Стил сдергивается со стола и лязгает шпагой:
-Капитан, — в его голосе тоже сталь, как и в глазах. — Дайте ему любое оружие, и пусть защищается, как мужчина.
-Варвары! — срывается на визг дон.
И тут Тессен грохает кулаком по столу так, что карты взлетают и снова ложатся на столешницу, как будто взмахнули крыльями. Разлетевшиеся гусиные перья дополняют картину.
-Чернильница, капитан, — невозмутимо роняет Пантера из под широкополой шляпы, почти полностью скрывающей ее лицо и спрятавшей волосы. Сейчас ее снова можно принять за слишком молодого капитана.
-Ничего страшного, — ведет свою игру Тессен. — У Вас есть кому собрать чернила, если бы они и разлились. Иначе зачем Вам прекрасная пленница?
-Да, — рассеянно переспрашивает Пантера хрипловатым голосом. — Могу поделиться опытом. И пленницей.
Дон меняется в цвете лица, как дорогая многоцветная парча в бликах света.
Стил поворачивается ко мне:
-Доктор, все это уже наскучило. У Вас есть лекарство для умягчения дурного нрава? Или для гибкости языка?
У меня было время подумать, пока они все пререкались:
-О да.

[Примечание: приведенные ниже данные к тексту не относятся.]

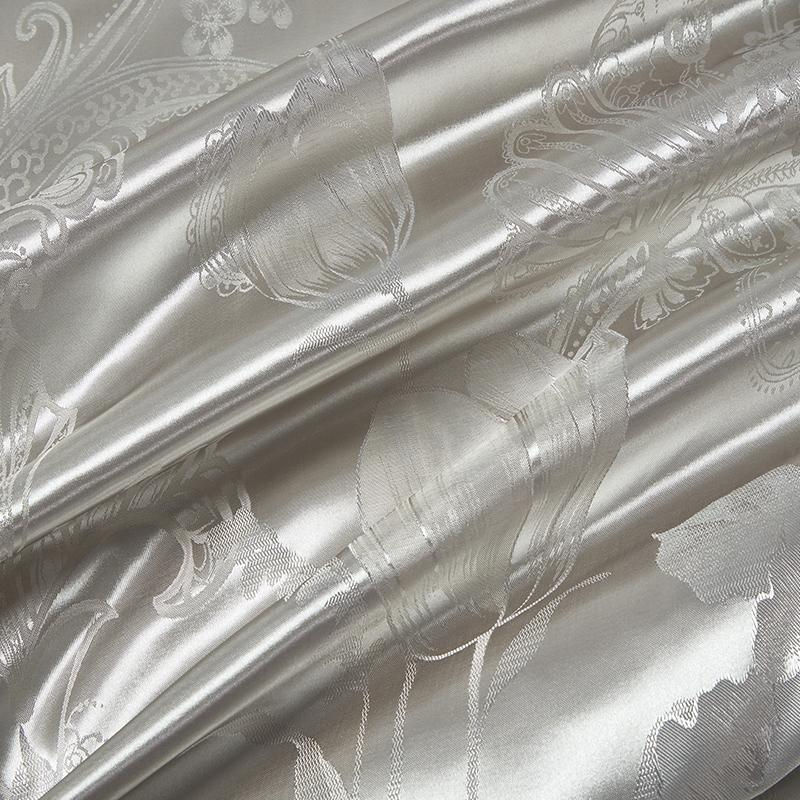 3-teiliges Bettwäsche-Set von Bin Chi Textiles mit Jacquard-Webung und floralem Design in Rot, bestehend aus einem Bettbezug und zwei Kissenbezügen, B/H: 150 x 200 cm - Bild 2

Но мне надо полчаса.
Полчаса — на то, чтобы до лазарета, схватить мешочек с сухой травой, пару склянок, бегом на камбуз:
-Дядюшка Джон, пожалуйста...
Клокочет вода в маленьком котелке, теперь только бы не расплескать варево в коридоре!
-Капитан, Ваше приказание выполнено.
-Приступайте, — наклон ее черных перьев.
-Благородный дон, простите, не знаю, как к Вам обратиться...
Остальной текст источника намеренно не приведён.